# DATA FOR PROCESSING:
━━━━━━

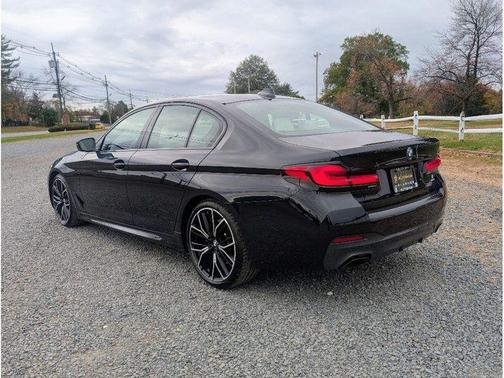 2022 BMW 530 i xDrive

━━━━━━

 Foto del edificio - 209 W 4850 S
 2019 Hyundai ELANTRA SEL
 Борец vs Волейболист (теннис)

━━━━━━

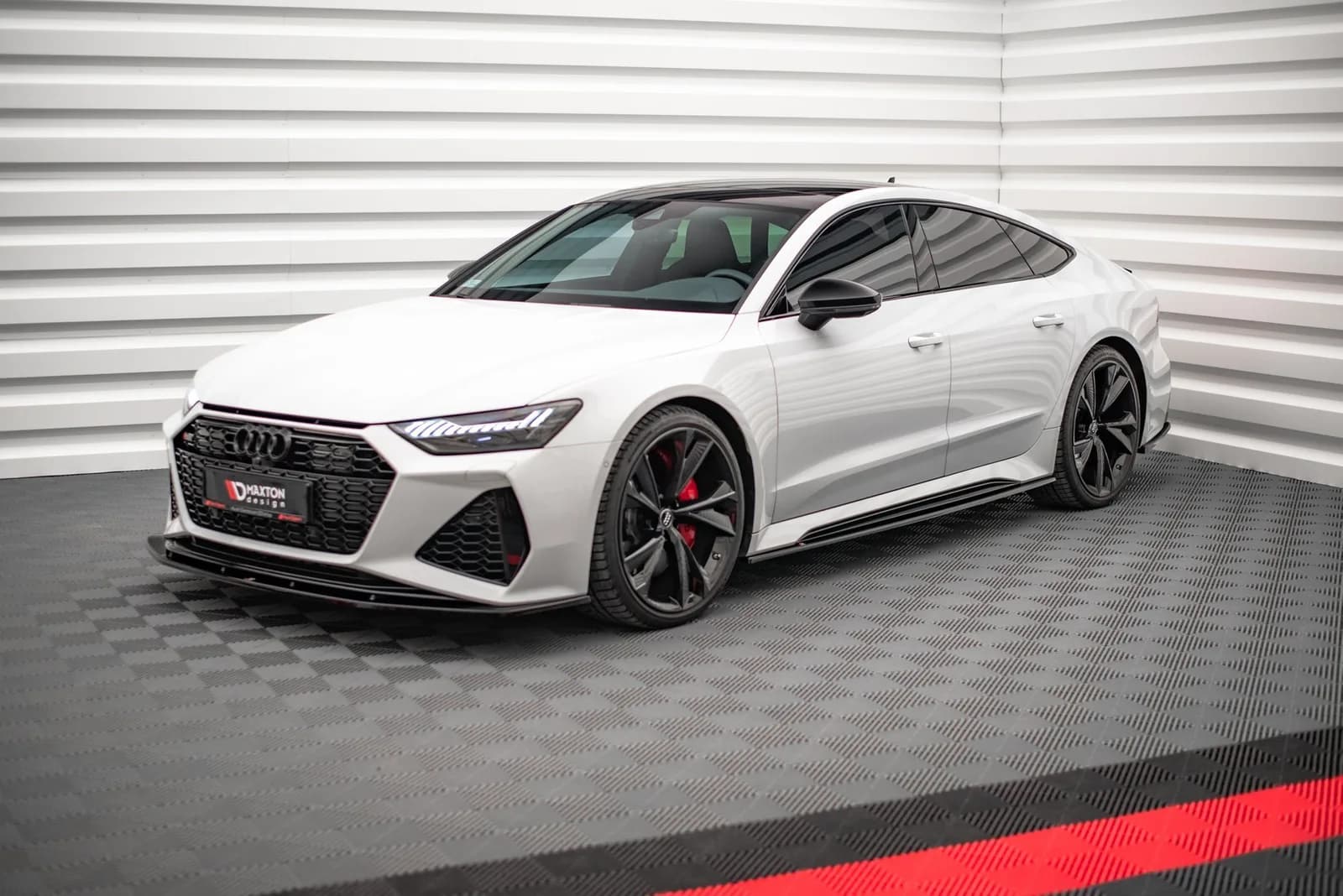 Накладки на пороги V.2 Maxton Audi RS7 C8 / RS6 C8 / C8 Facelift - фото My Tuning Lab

━━━━━━

# ABOUT THIS EXERCISE:
Your reply is to repeat, unchanged, the lines above running from the one with "2019 Hyundai ELANTRA SEL" up to and including the one with "Борец vs Волейболист (теннис)".

# RESPONSE AREA:
 2019 Hyundai ELANTRA SEL
 Борец vs Волейболист (теннис)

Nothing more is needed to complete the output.